Saved data entries
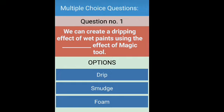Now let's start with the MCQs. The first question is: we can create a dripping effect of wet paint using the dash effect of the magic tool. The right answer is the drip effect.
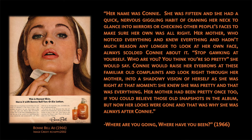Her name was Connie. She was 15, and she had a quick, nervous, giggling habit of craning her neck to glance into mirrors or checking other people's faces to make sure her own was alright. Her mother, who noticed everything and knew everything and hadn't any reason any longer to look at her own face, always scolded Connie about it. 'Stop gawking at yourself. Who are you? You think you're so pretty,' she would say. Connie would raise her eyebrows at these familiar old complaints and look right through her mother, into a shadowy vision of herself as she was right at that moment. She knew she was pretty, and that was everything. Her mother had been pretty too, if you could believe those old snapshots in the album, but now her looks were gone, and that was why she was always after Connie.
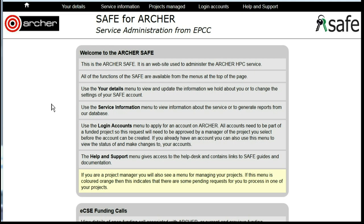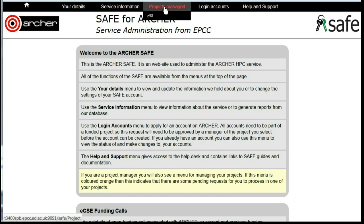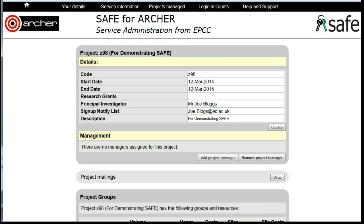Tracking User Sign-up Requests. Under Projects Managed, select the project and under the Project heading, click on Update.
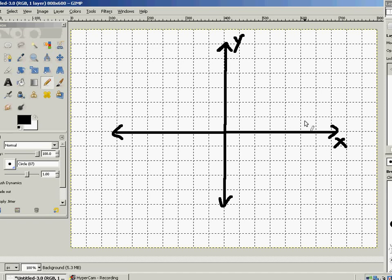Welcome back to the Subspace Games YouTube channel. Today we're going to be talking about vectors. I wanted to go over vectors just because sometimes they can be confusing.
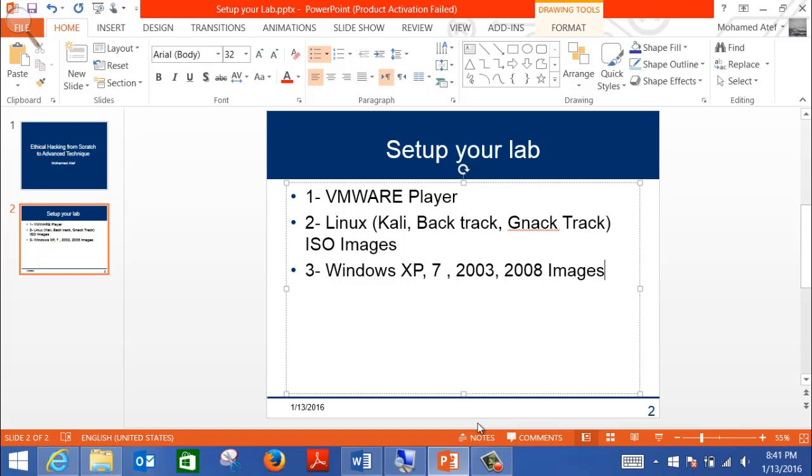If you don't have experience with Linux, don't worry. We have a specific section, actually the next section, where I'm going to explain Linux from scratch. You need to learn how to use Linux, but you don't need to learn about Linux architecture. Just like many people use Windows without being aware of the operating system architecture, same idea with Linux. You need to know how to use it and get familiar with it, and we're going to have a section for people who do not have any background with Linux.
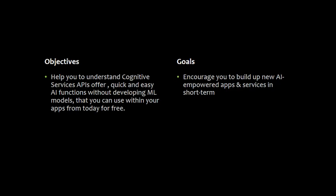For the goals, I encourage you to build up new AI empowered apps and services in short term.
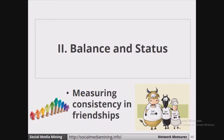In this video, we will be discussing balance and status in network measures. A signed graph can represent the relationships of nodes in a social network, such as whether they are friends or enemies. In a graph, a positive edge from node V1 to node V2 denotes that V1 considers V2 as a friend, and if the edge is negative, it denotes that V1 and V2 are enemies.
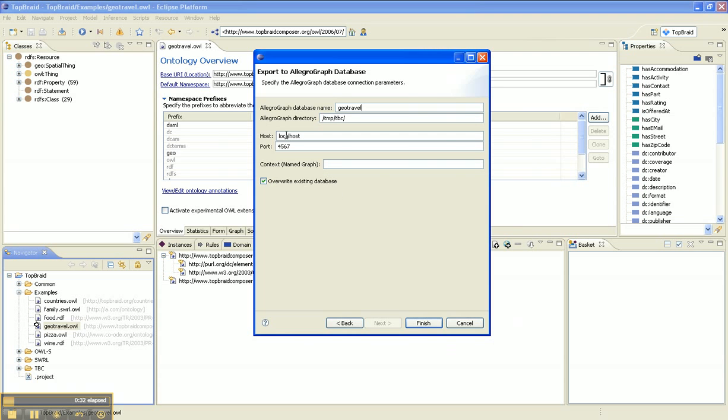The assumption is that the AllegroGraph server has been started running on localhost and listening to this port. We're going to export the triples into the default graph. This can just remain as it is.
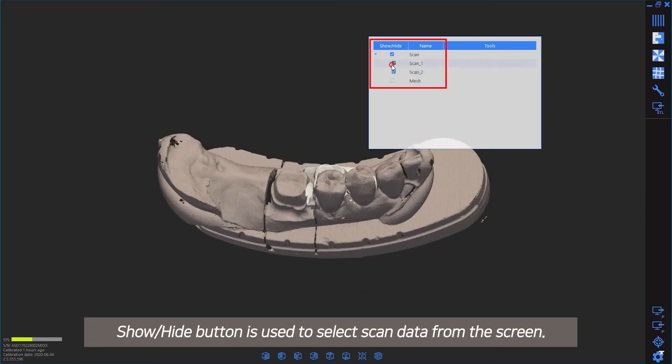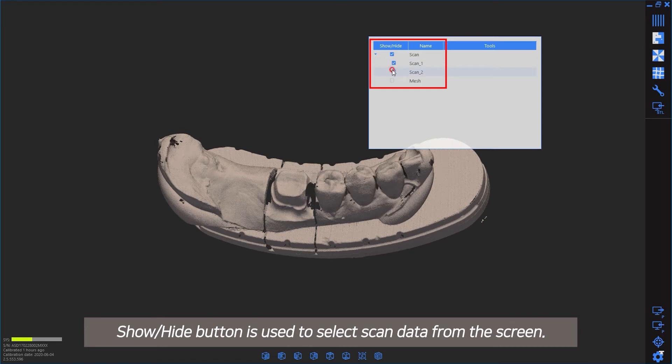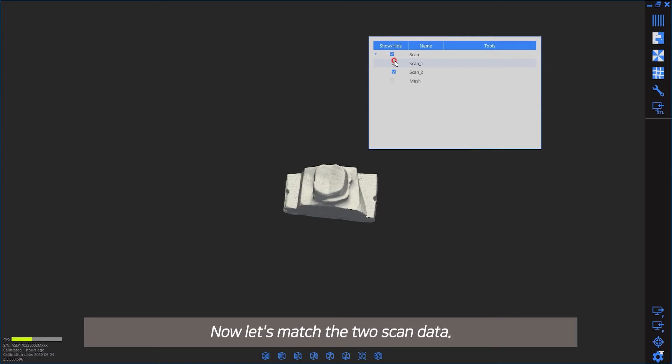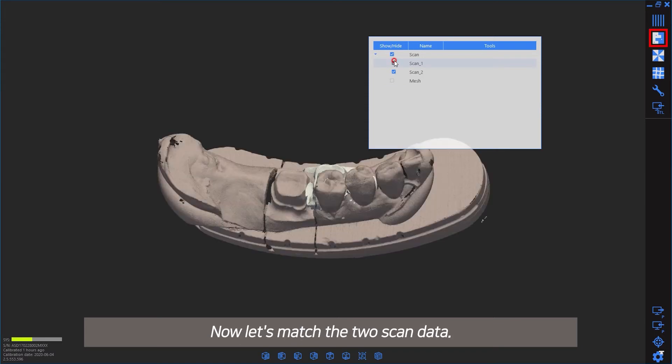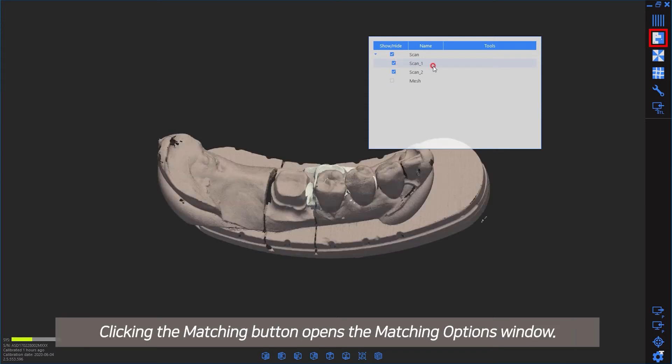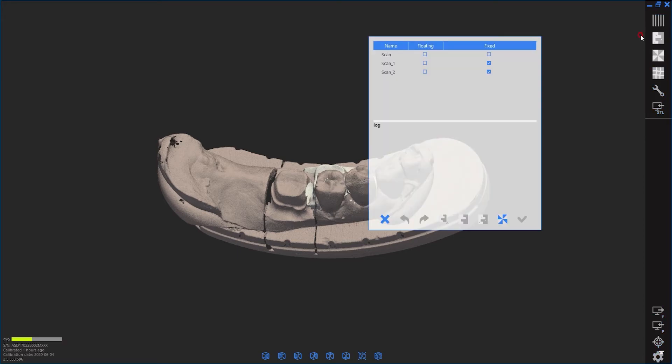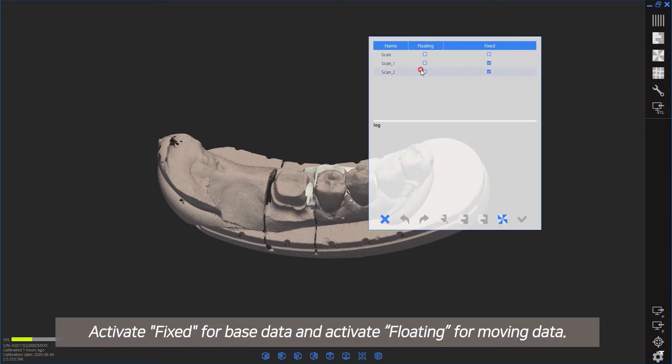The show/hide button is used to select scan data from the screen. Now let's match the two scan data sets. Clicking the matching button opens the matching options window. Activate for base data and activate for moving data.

● **DIRECTIONS FOR THIS TASK**:
Where an entry holds an image, drop the image and copy the remaining text exactly.

● **RESPONSE**:
Now let's start with the MCQs. The first question is: we can create a dripping effect of wet paint using the dash effect of the magic tool. The right answer is the drip effect.
Her name was Connie. She was 15, and she had a quick, nervous, giggling habit of craning her neck to glance into mirrors or checking other people's faces to make sure her own was alright. Her mother, who noticed everything and knew everything and hadn't any reason any longer to look at her own face, always scolded Connie about it. 'Stop gawking at yourself. Who are you? You think you're so pretty,' she would say. Connie would raise her eyebrows at these familiar old complaints and look right through her mother, into a shadowy vision of herself as she was right at that moment. She knew she was pretty, and that was everything. Her mother had been pretty too, if you could believe those old snapshots in the album, but now her looks were gone, and that was why she was always after Connie.
Tracking User Sign-up Requests. Under Projects Managed, select the project and under the Project heading, click on Update.
Welcome back to the Subspace Games YouTube channel. Today we're going to be talking about vectors. I wanted to go over vectors just because sometimes they can be confusing.
If you don't have experience with Linux, don't worry. We have a specific section, actually the next section, where I'm going to explain Linux from scratch. You need to learn how to use Linux, but you don't need to learn about Linux architecture. Just like many people use Windows without being aware of the operating system architecture, same idea with Linux. You need to know how to use it and get familiar with it, and we're going to have a section for people who do not have any background with Linux.
For the goals, I encourage you to build up new AI empowered apps and services in short term.
In this video, we will be discussing balance and status in network measures. A signed graph can represent the relationships of nodes in a social network, such as whether they are friends or enemies. In a graph, a positive edge from node V1 to node V2 denotes that V1 considers V2 as a friend, and if the edge is negative, it denotes that V1 and V2 are enemies.
The assumption is that the AllegroGraph server has been started running on localhost and listening to this port. We're going to export the triples into the default graph. This can just remain as it is.
The show/hide button is used to select scan data from the screen. Now let's match the two scan data sets. Clicking the matching button opens the matching options window. Activate for base data and activate for moving data.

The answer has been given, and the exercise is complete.